I FATTI – L’ultimo si è appunto verificato domenica, durante il match con il Cagliari. Alcuni ultrà laziali hanno tappezzato le barriere divisorie in plexiglass della curva Sud di adesivi antisemiti. Da «romanista ebreo» ad «Aronne Piperno romanista», fino al più pesante e grave: un fotomontaggio di Anna Frank con la maglia della Roma. A denunciare l’accaduto sono stati gli inservienti del Coni ieri mattina mentre effettuavano le pulizie degli spalti dello stadio. In un attimo la notizia si è diffusa, provocando le reazioni sdegnate, a partire dalla Comunità ebraica di Roma, la cui presidente Ruth Dureghello ha twittato: «Questa non è una curva, questo non è calcio, questo non è sport. Fuori gli antisemiti dagli stadi». Ferma pure la condanna di autorità istituzionali e sportive. Il presidente della Figc Carlo Tavecchio ha parlato di «atteggiamento inqualificabile che offende una comunità e tutto il nostro Paese». Mentre a tarda sera gli autori, il gruppo «Irriducibili Lazio», ha definito «contesto goliardico» il vergognoso gesto dell’Olimpico. Una definizione che, se possibile, peggiora lo scenario in cui è maturata la vicenda. La Figc aprirà oggi un’inchiesta. La Lazio, recidiva, rischia una stangata. Possibile che stavolta a essere chiuso sia l’intero stadio e non il solo settore interessato. Ma i tempi dell’indagine non saranno brevi. Il procuratore sportivo dovrà acquisire gli atti dalla Questura che, a sua volta, deve ancora fare luce sull’episodio. Stamani il presidente Lotito e una delegazione di calciatori si recheranno alla Sinagoga di Roma per deporre una corona di fiori in memoria delle vittime dell’antisemitismo. Un modo per dissociarsi da quanto accaduto.

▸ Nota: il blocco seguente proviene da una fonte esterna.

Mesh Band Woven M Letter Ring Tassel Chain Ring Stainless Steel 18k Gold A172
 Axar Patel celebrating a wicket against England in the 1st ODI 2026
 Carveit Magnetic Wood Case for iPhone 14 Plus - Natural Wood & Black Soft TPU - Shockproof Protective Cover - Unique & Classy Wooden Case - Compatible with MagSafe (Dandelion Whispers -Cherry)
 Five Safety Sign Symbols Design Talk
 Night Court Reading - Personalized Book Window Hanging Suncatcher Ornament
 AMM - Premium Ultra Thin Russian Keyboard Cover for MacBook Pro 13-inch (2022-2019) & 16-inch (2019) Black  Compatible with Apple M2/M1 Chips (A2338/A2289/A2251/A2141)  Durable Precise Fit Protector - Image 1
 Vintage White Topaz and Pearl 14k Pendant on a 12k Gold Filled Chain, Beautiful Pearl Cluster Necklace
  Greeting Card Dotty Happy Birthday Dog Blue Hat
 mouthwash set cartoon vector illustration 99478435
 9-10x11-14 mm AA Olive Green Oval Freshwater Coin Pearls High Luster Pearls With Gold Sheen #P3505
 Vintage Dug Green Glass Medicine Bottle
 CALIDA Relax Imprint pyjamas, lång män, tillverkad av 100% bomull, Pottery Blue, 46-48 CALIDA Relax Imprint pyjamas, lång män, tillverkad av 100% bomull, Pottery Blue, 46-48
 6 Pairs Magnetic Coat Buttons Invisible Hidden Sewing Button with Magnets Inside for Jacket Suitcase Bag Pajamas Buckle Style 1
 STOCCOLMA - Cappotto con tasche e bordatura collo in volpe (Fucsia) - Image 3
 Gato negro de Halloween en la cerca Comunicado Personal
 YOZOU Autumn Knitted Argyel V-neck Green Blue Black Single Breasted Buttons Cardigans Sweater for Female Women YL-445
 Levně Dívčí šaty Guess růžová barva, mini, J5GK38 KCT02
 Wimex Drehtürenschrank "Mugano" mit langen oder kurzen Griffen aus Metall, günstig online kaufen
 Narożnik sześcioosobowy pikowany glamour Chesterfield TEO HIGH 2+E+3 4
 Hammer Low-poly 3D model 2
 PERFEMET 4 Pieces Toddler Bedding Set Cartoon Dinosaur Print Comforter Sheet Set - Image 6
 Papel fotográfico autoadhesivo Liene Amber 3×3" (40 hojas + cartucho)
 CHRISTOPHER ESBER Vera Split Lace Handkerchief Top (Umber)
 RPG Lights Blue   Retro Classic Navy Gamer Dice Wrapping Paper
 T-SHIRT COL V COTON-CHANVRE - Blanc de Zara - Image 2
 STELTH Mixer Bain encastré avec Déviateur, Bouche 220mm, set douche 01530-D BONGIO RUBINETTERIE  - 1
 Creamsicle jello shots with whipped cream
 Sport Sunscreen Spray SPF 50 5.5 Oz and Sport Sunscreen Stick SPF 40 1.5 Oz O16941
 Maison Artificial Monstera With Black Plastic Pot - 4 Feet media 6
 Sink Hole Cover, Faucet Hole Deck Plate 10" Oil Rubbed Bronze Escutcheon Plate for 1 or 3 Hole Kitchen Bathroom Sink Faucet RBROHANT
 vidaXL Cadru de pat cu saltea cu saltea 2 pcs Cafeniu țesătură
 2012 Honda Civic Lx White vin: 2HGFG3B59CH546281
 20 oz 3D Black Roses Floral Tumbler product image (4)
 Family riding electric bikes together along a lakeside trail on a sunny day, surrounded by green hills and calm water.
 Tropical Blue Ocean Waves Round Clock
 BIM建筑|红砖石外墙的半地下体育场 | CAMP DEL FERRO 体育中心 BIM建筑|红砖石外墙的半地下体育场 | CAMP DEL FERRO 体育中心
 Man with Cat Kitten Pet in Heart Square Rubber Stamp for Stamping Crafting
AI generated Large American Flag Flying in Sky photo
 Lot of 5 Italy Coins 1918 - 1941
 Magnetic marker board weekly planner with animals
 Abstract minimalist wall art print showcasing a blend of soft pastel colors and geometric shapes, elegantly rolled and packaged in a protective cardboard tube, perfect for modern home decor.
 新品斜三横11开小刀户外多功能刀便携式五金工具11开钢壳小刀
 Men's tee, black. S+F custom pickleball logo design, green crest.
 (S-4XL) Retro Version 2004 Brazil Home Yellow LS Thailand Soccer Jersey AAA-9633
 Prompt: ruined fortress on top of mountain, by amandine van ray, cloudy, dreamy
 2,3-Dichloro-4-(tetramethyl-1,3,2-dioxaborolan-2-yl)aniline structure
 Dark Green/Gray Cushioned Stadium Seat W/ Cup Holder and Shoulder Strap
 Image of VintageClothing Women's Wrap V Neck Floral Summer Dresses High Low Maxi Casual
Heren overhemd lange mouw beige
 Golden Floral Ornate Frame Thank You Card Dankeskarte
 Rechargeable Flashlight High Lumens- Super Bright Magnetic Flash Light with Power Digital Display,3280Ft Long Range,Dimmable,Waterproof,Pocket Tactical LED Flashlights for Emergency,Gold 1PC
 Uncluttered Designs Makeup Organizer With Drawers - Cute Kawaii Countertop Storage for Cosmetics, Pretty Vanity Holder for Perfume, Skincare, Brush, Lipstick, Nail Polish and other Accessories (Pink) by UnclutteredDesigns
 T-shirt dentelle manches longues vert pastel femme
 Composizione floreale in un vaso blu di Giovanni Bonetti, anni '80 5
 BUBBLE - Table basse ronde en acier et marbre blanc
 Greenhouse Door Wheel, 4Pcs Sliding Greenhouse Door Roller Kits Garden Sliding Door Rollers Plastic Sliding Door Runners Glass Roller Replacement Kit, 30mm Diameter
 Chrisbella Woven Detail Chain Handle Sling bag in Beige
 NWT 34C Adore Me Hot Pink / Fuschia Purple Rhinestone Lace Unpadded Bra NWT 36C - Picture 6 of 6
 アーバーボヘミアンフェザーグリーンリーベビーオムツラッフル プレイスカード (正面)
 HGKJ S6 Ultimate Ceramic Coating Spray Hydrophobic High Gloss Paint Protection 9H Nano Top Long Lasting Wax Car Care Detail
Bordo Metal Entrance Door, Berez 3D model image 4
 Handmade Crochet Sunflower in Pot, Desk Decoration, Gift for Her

I PRECEDENTI – A pesare, per la Lazio, sono i numerosi e gravi precedenti. Il club, nonostante i vari tentativi di prendere le distanze da certe manifestazioni, ha collezionato una serie-record di squalifiche in Italia e in Europa. La prima arrivò dopo il derby del 29 aprile 2001 proprio per uno striscione antisemita, oltre che di discriminazione razziale («squadra di negri, curva di ebrei», ai romanisti). Nei sedici anni successivi ne sono seguite altre, la maggior parte per buu razzisti, ma nel 2013 l’Uefa sanzionò i biancocelesti con due partite a porte chiuse per cori antisemiti durante Lazio-Tottenham. E nello stesso anno il derby-finale di Coppa Italia fu preceduto da un altro striscione antisemita: «La storia è sempre quella sul petto vuoi la stella». Le ultime squalifiche sono contemporanee. La Lazio ha giocato quest’anno (il 28 settembre) la prima partita di Europa League a porte chiuse per gli ululati dei suoi tifosi a Praga nel 2016. E quella con il Cagliari era la prima delle due partite con la Nord chiusa per altri ululati, nel match con il Sassuolo.
IL CLUB – La società, per venire incontro alle esigenze di quanti con quei buu non c’entravano nulla, ha aperto la Sud, consentendo anche agli abbonati della Nord di accedervi. Una decisione che si è rivelata un autogol. Il portavoce del club, Arturo Diaconale, ha preso le distanze: «La Lazio ha sempre condannato ogni forma di razzismo, si resta interdetti di fronte a manifestazioni che riguardano un gruppo ristrettissimo di persone, che non coinvolgono i tifosi che si sono sempre comportati bene. Ci preoccupa che un numero minutissimo di sconsiderati possa provocare danni d’immagine e materiali clamorosi a una società che sta facendo ogni sforzo per essere al passo coi tempi».